No Pride in pinkwashing
Israeli claims of a progressive attitude toward gays don't make up for its oppression of Palestinians, writes an article written for Rainbow Times.
, inEVERY YEAR in June, the LGBTQ community comes together to celebrate Pride month; and every year, you're guaranteed to see advertisements marketing Israel as a hot, must-visit gay tourist destination. From Tel Aviv's supposed cultural acceptance of LGBTQ people to Israel's offer of endless partying and hot, chiseled men, it's a gaycation not to be missed.
But this PR blitz neglects to mention a fundamental truth: Israel is an apartheid state.

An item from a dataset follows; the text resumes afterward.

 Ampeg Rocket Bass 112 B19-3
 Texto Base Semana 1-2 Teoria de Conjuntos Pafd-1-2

For starters, Israel, like all societies in the world, is rife with homophobia and transphobia. It has a highly organized, well-financed and politically influential Jewish right wing that advocates for socially reactionary, anti-LGBTQ, misogynistic policies. It is far from a queer paradise.
More importantly, Israel is a colonial-settler society based on racial apartheid. It's a country whose establishment in 1948 was based on the violent expulsion and ethnic cleansing of the indigenous Arab population to clear the way for the creation of an exclusively Jewish state. It's a society where Palestinians live as second-class citizens, systematically subjected to racist discrimination, and as prisoners subjected to inhumane and brutal conditions in the Occupied Territories of the West Bank and Gaza--commonly referred to as the world's "largest open air prison" because of the current blockade imposed by Israel.

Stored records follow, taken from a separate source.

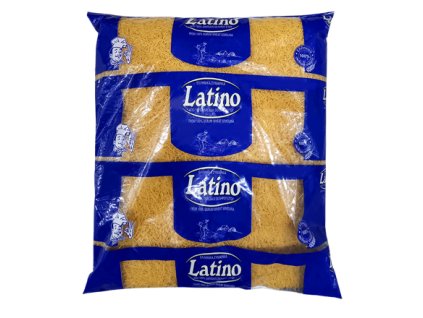 vlasove nudle 5kg small2025 02 12 11 43 14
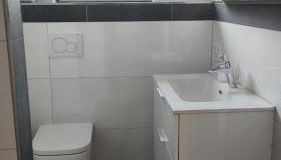 Anita's Fewo - Foto 2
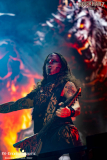 RHZ25_Fr_15_Powerwolf_012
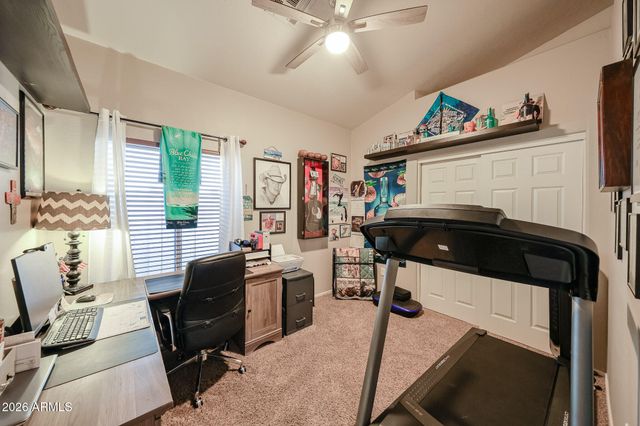 13450 W KEIM Drive, Litchfield Park, AZ 85340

Israel's boosters seem to have realized that building an apartheid wall and bulldozing homes in the West Bank, or enacting a blockade that collectively punishes and starves the entire population of Gaza, aren't the best marketing schemes when it comes to promoting itself as a bastion of progress.
Instead of focusing on its shameful abuse of human rights and violation of international law, Israel has made a concerted effort to market its image as an LGBTQ-accepting, tolerant society in a sea of Arab reaction. While it's true that some LGBTQ people have been able to create cultural enclaves in select urban centers in Israel, these marketing efforts serve another purpose: to detract attention away from other, not-so-pretty facts about Israeli society, while demonizing those it colonizes in order to justify its crimes against them.
Activists like to call this blatant exploitation of LGBTQ rights for colonial purposes "pinkwashing."
Nothing illustrates the highly selective and hypocritical nature of Israel's supposed "progressive" character more clearly than the experiences of LGBTQ Palestinians themselves.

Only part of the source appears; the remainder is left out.